*EXERCISE DETAILS:* Please print, exactly, only the lines in the entries below from the line that has "创造与魔法云斑鹦鸟怎么样 云斑鹦鸟速度属性一览" through the line that has "Postcard RPPC New". Pictures don't go in.

*LISTED ENTRIES:*
=====

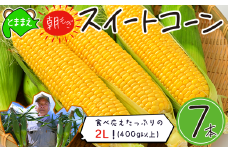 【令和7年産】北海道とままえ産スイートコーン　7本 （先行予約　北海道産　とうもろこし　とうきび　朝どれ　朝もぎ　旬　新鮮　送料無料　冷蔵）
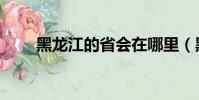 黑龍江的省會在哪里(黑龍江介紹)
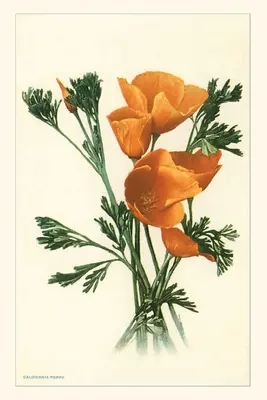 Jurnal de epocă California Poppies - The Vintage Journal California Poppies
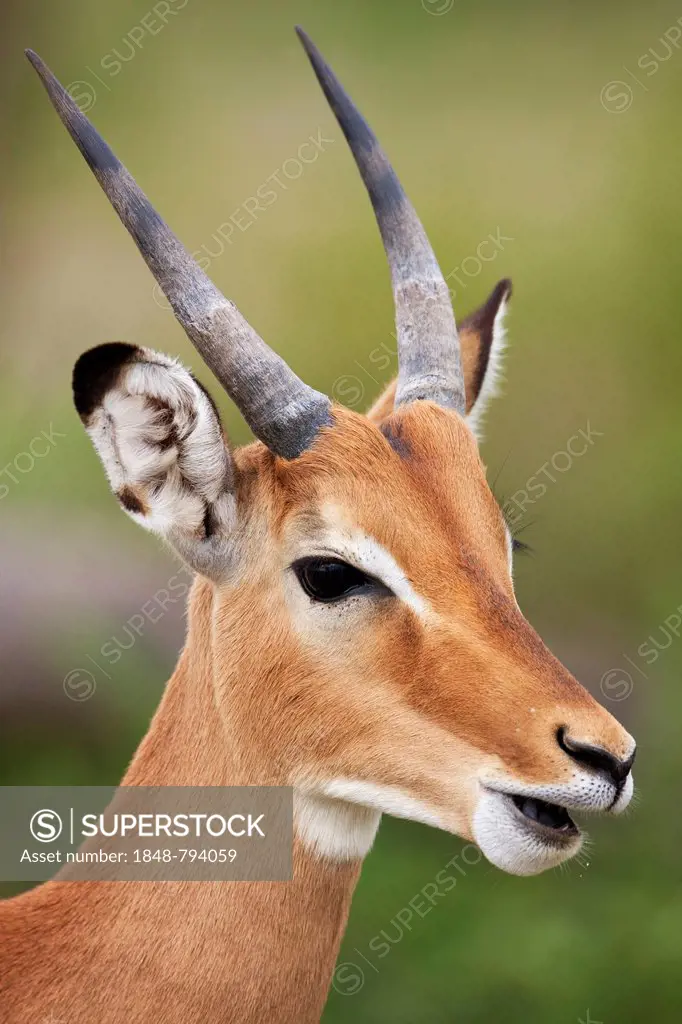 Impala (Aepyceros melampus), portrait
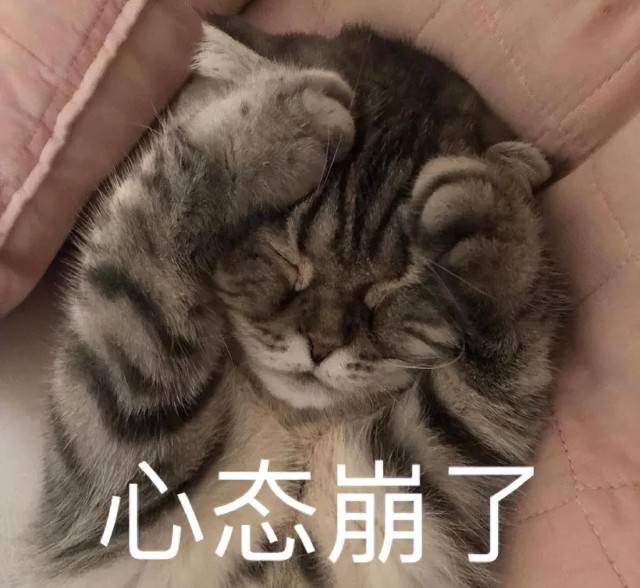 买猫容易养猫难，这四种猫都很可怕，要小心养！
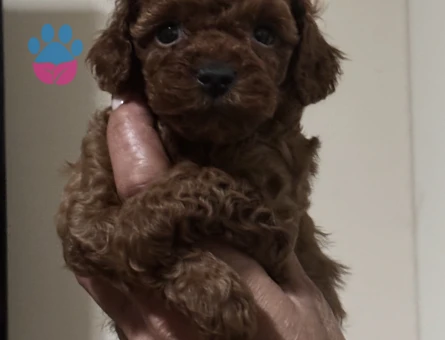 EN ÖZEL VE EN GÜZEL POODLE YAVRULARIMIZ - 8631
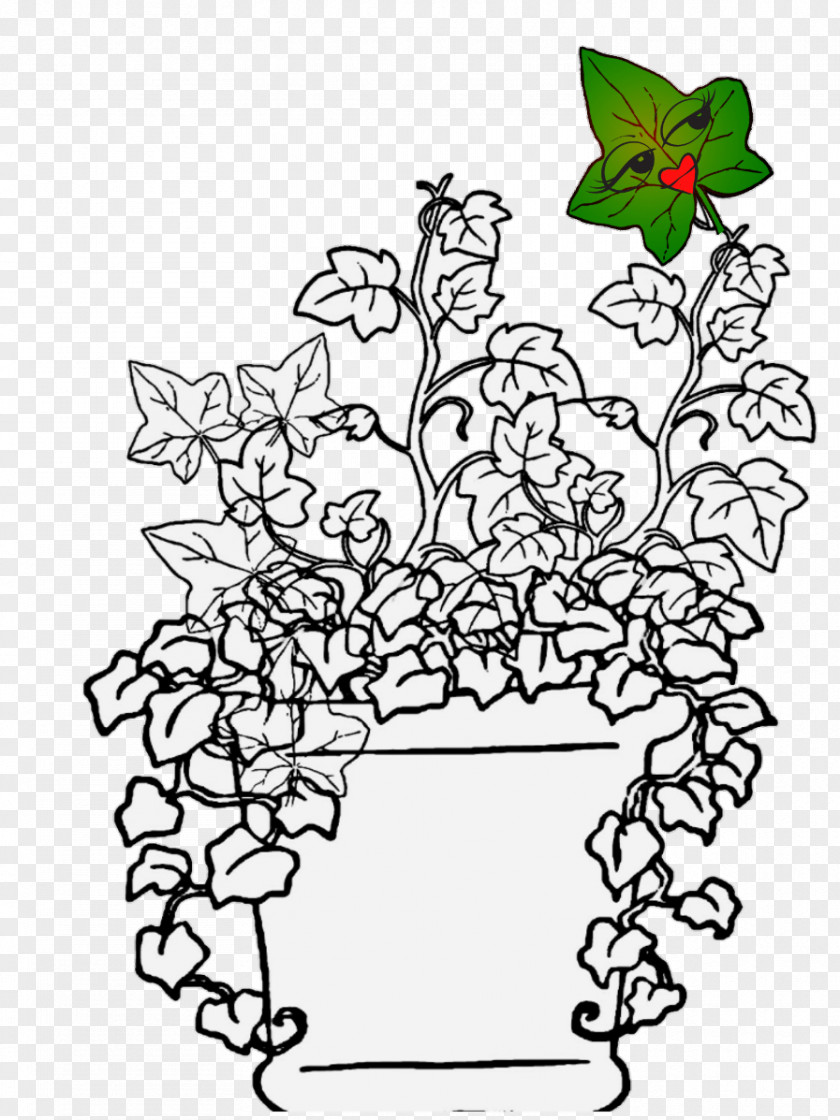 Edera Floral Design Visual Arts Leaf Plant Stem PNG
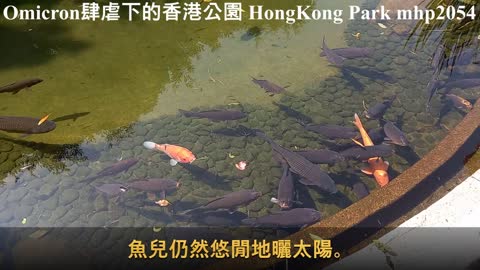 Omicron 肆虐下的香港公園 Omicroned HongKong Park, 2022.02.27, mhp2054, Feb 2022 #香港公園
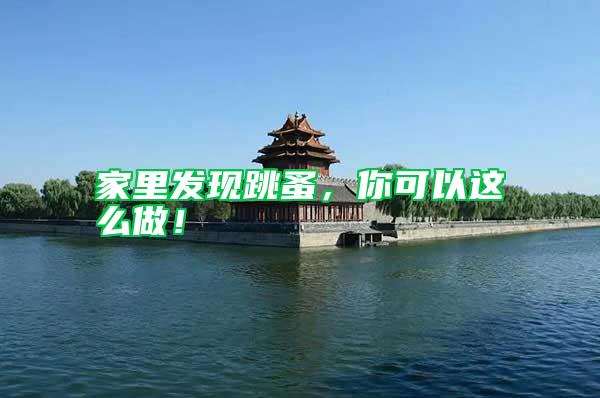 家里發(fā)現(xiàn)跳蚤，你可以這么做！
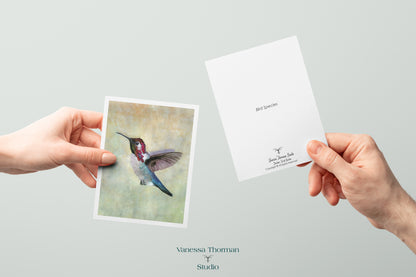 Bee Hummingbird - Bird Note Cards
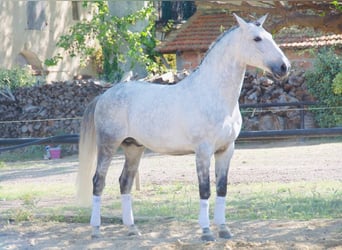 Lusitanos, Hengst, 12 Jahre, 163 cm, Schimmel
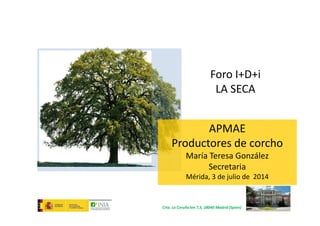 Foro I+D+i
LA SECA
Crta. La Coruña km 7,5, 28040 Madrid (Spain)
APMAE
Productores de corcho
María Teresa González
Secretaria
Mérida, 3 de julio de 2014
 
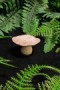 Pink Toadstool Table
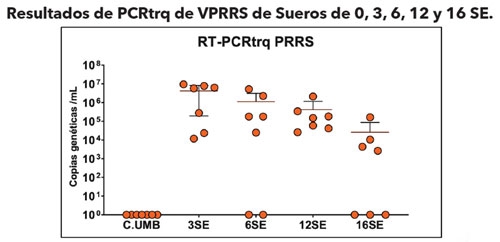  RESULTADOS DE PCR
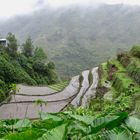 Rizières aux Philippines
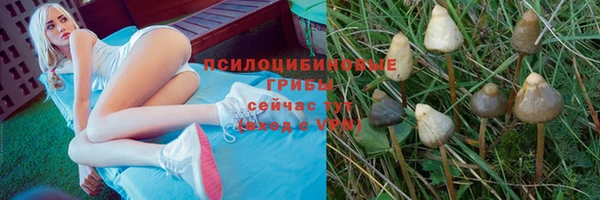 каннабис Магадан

=====

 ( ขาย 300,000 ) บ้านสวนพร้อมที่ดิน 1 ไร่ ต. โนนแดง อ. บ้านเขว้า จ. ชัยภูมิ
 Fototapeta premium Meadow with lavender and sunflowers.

=====

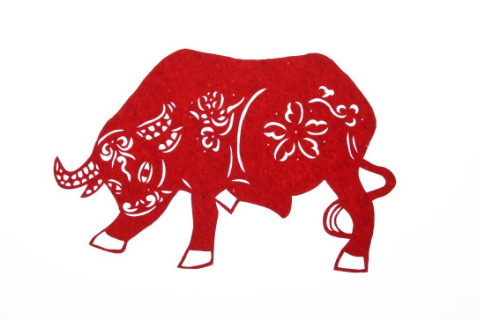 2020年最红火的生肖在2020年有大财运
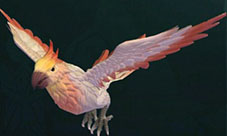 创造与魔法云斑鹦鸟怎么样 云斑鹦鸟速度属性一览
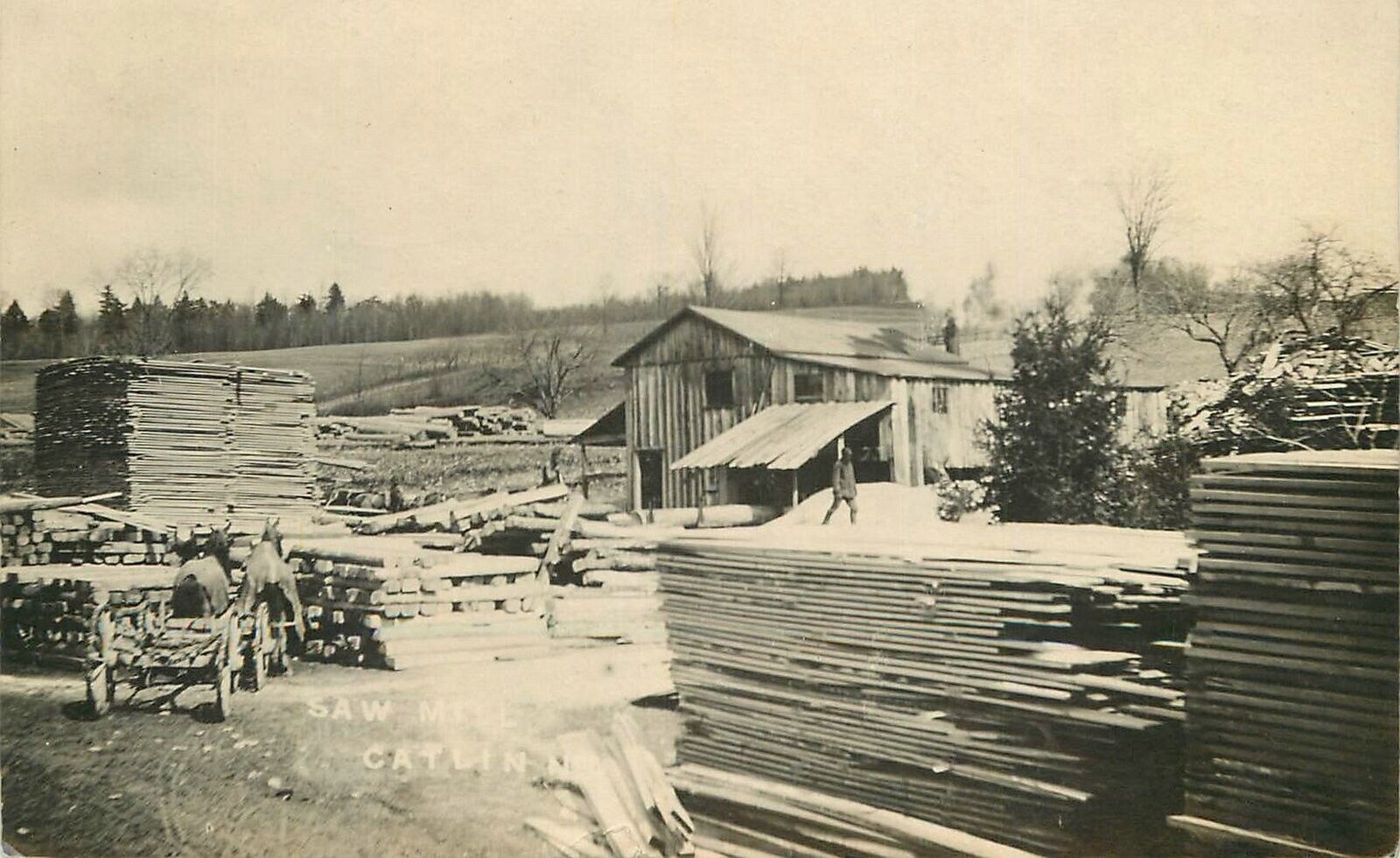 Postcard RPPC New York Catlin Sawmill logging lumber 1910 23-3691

=====

*WORKED SOLUTION:*
 创造与魔法云斑鹦鸟怎么样 云斑鹦鸟速度属性一览
 Postcard RPPC New York Catlin Sawmill logging lumber 1910 23-3691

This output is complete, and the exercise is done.